··· Supplied material ···

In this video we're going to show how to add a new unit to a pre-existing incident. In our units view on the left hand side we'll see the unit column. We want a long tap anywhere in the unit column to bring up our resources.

···
··· Supplied material ···

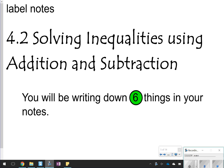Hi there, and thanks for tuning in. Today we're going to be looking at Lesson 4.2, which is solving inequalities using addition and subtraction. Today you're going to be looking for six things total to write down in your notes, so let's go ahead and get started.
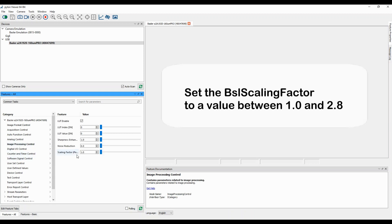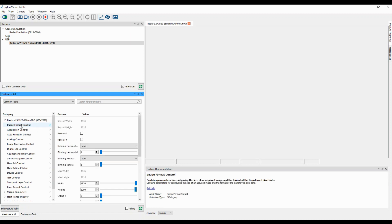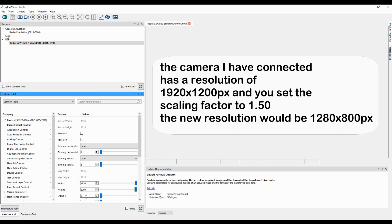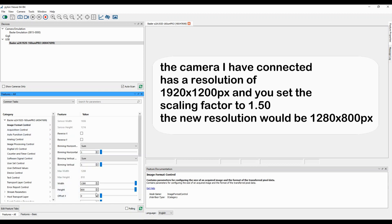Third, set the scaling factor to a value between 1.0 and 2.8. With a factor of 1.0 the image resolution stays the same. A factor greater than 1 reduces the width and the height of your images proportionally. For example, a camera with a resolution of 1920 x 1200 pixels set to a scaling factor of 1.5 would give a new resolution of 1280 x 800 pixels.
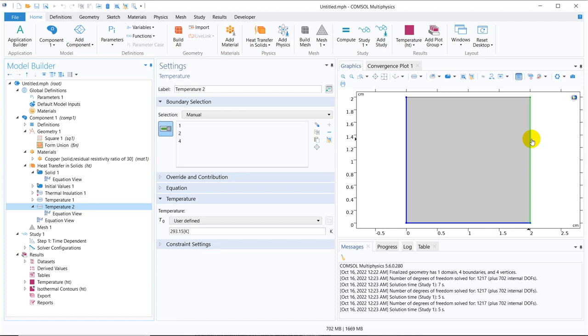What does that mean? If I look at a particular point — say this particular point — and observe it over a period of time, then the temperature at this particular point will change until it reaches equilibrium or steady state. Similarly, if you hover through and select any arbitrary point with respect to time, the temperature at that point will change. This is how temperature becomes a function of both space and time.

···

What you are asked to do = Print, exactly, each line above from the one with "Hi there, and" to the one with "Third, set the", end lines included. Leave pictures out of it.

Reply =
Hi there, and thanks for tuning in. Today we're going to be looking at Lesson 4.2, which is solving inequalities using addition and subtraction. Today you're going to be looking for six things total to write down in your notes, so let's go ahead and get started.
Third, set the scaling factor to a value between 1.0 and 2.8. With a factor of 1.0 the image resolution stays the same. A factor greater than 1 reduces the width and the height of your images proportionally. For example, a camera with a resolution of 1920 x 1200 pixels set to a scaling factor of 1.5 would give a new resolution of 1280 x 800 pixels.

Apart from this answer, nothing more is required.